Вот с таким чувством новизны и одновременно «возвращения» читали мы и «Людей на болоте».
Но в романе этом есть и в буквальном смысле возвращение к уже знакомому нам по белорусской литературе 20 — 30-х годов. Роман И. Мележа не принадлежит к числу книг, резко бросающих литературу в неведомое, в неизведанное. Мы с того и начали наш разговор, что роман традиционен, но что сама традиционность вдруг повернулась для литературы новизной: открытием, развитием, движением вперед.
Значит, что-то в этой традиции недооценивалось, не использовалось в достаточной мере, не развивалось.
Без большого труда в романах И. Мележа (прежде всего в «Людях на болоте») можно найти «следы присутствия» и Коласа, и Чорного, и Гартного.
В иных местах (начало романа) — это «настройка», поиск верного тона, интонации, и «камертоном» служит то Колас, то Чорный...
«Кто она такая, эта задавака, чтоб с ним обходиться, словно бы не только ровня ему, а бог знает что? Была она и правда какая особенная, тогда и терпеть можно было б, а то ж кто — всего-навсего отцова дочка. И так обходиться с ним. С человеком самостоятельным, хозяином! Что ж, он покажет ей!..» [6]
Ну, а это уже не с Коласом, а с Чорным созвучно:
«С каждой минутой Курени все больше полнились людскими голосами, движением — на одном дворе мать звала сына, на другом плакал, заливаясь слезами, не вовремя разбуженный ребенок. Во двор возле липы мужчина вводил коня, со двора напротив выгоняли поросят, и шло за ним покорное замурзанное дитя, по-стариковски ссутулив спину...»

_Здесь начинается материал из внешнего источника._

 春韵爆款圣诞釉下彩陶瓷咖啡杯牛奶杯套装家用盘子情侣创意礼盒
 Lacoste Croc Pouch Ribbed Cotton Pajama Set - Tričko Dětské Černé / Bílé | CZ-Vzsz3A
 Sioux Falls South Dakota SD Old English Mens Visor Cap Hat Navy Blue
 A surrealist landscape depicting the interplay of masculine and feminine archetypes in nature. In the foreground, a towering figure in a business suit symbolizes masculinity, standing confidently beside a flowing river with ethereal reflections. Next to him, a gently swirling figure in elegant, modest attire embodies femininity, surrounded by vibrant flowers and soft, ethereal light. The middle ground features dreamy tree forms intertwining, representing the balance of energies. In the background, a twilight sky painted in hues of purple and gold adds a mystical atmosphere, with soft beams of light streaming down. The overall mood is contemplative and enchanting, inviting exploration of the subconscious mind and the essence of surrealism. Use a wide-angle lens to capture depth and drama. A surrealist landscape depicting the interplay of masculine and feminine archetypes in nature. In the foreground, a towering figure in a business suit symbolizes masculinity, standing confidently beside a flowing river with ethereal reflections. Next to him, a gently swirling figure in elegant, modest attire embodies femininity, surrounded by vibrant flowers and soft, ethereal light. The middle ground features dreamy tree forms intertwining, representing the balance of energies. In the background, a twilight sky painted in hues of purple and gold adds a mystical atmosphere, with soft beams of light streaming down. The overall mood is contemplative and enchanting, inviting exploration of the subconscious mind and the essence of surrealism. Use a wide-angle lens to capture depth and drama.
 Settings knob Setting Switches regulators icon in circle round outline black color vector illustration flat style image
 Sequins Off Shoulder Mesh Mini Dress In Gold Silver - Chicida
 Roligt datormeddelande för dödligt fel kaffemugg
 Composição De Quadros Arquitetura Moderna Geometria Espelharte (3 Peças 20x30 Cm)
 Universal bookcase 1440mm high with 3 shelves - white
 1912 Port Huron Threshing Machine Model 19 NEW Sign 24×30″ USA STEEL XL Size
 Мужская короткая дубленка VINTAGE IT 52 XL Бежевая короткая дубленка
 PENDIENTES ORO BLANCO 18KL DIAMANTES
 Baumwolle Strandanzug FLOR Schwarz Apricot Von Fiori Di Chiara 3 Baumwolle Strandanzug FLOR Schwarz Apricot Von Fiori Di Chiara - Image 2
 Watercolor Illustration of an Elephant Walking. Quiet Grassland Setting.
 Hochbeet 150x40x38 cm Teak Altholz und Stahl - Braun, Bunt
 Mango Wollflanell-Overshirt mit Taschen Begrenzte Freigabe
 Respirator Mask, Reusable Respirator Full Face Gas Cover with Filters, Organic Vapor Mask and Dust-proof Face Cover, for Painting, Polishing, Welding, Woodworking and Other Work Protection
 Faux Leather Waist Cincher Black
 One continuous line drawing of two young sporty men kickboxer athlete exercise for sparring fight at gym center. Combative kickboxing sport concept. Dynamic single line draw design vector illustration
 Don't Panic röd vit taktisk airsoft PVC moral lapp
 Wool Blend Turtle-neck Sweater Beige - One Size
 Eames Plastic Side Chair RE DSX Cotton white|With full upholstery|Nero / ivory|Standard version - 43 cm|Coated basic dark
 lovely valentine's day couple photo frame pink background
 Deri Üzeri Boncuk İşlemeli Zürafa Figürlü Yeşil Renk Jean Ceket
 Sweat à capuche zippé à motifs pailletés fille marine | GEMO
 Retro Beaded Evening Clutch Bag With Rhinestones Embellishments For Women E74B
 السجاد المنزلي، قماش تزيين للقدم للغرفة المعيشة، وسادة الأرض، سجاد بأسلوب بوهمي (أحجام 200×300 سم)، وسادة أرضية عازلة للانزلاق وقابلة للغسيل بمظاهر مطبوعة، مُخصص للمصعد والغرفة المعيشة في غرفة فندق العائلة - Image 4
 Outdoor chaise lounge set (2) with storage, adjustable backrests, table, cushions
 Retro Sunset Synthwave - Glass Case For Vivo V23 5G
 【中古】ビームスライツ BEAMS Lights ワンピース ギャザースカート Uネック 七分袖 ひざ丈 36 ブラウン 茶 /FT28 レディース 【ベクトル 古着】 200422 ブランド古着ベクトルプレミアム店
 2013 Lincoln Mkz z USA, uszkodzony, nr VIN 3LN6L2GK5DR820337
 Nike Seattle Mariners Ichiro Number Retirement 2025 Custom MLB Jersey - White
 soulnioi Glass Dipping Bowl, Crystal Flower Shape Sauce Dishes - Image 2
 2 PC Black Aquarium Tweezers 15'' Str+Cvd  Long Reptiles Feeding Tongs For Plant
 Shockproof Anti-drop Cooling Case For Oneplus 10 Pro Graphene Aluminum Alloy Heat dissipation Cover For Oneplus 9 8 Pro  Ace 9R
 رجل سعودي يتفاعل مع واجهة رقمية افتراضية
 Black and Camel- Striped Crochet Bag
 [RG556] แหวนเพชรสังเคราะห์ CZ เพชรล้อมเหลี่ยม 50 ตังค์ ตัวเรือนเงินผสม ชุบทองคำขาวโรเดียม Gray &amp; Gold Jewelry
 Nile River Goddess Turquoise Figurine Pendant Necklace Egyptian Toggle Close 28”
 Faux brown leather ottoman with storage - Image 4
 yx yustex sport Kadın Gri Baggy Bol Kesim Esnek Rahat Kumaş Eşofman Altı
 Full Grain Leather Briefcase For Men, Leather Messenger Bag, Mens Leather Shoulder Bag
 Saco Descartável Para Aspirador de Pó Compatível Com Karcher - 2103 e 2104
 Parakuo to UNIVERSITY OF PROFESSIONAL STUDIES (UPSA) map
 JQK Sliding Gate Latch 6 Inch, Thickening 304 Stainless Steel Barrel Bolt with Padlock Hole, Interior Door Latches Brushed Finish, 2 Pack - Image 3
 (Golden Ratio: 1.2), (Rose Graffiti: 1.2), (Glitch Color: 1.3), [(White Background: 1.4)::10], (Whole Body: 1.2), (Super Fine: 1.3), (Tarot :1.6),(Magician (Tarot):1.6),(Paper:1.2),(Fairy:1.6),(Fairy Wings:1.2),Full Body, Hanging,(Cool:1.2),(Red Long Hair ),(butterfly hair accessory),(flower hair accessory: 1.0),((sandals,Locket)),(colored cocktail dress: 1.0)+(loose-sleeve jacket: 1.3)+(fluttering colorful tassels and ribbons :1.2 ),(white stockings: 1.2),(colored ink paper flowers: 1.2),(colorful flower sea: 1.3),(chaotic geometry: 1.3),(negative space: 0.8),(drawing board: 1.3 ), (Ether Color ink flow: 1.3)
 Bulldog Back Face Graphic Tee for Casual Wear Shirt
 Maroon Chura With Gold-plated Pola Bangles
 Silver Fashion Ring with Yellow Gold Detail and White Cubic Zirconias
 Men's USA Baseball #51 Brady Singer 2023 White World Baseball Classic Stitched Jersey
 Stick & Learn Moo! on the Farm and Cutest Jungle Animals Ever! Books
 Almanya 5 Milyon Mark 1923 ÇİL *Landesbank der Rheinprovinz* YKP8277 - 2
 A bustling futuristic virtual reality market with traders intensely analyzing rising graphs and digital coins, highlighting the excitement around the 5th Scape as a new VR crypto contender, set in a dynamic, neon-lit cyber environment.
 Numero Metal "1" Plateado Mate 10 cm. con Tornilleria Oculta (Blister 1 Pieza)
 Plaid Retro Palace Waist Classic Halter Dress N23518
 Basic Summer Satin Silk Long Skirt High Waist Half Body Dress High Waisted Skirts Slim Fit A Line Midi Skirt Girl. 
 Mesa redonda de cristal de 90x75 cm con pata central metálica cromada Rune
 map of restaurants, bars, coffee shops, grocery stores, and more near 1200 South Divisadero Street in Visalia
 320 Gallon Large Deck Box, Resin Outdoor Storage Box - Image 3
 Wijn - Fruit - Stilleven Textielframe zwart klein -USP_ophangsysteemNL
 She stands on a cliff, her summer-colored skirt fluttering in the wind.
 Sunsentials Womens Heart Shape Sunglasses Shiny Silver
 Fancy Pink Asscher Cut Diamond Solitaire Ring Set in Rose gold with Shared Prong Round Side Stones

Прочитываем первые страницы и ощущаем, что «настройка» проведена и уже найдена своя интонация, но и Колас, и Чорный, а где-то и Гартный не уходят совсем. Только Мележ уже не ученик, ищущий с их помощью нужную ему интонацию, тон, а художник-соперник, не боящийся строить «свою гать», хотя было про это уже у Коласа, не пугающийся даже прямых перекличек образов: Ганны, например, с Зосей из «Батьковой воли» Гартного, а Василя Дятла с Михалкой (Михалом) Творицким из «Третьего поколения» Чорного. И делается это не от одной только уверенности в силе своего таланта и в своем особенном знании особенного все-таки, хотя и близкого, жизненного материала. Это диктуется еще и определенным чувством, идущим от самого времени. Что это за чувство, объясним лучше на примере одной из линий романа, сопоставляя ее с чорновской.
Да, кое в чем его время порой ограничивало даже большой талант К. Чорного, диктуя ему готовые, однозначные художественные решения. Вот хотя бы та ситуация в «Третьем поколении», когда Михал Творицкий присвоил найденные им банковские деньги и тем самым, объективно, помог бандитам. К. Чорный всем произведением показывает, что поступок его — не случайность, а результат всей жизни, горького жизненного опыта бывшего батрака-пастушка, отравленного страхом перед завтрашним «черным» днем, вобравшего в себя на скуратовическом хуторе «философию» того мира, где человек человеку был волком. Это беда его. Но и вина: ведь Зося, жена его, через такое же прошла, а совсем по-другому думает и поступает!
И вот — суд. Не только юридический, но и философский суд, не только над Творицким, но и над тем собственничеством, которое прячется, может скрываться и в душе человека, одетого в бедняцкое рванье, в уголке души крестьянина-трудяги. Как говорит прокурор Кондрат Назаревский: «Под нею (забитостью) прячется хитрость загребущего мужичка так же, как он сам прячется под свою вонючую одежду». Многое, и прежде всего свою гуманистическую ненависть к уродующей человека силе собственничества, отдал Назаревскому — оратору и обвинителю — автор. Но ведь что получилось из этой речи: философские аргументы тоже легли на чисто юридическую чашу вины Творицкого, и вот уже из уст Назаревского раздается грозное, страшное по тем временам обобщение, нарушающее, как стали говорить четверть века спустя, социалистическую законность: «Это правда, что он (Творицкий) из народа, но стал отщепенцем и в таком качестве врагом народа». Да, Творицкий виновен, но не за все же грехи, тысячелетние, собственничества: а именно так, расширительно в конце концов формулируется его преступление Кондратом Назаревским.
И вот тут, в наше время, большая литература, писатель чорновской гуманистической складки обязательно обнаружил бы уже Назаревского вину, уже перед Творицким вину.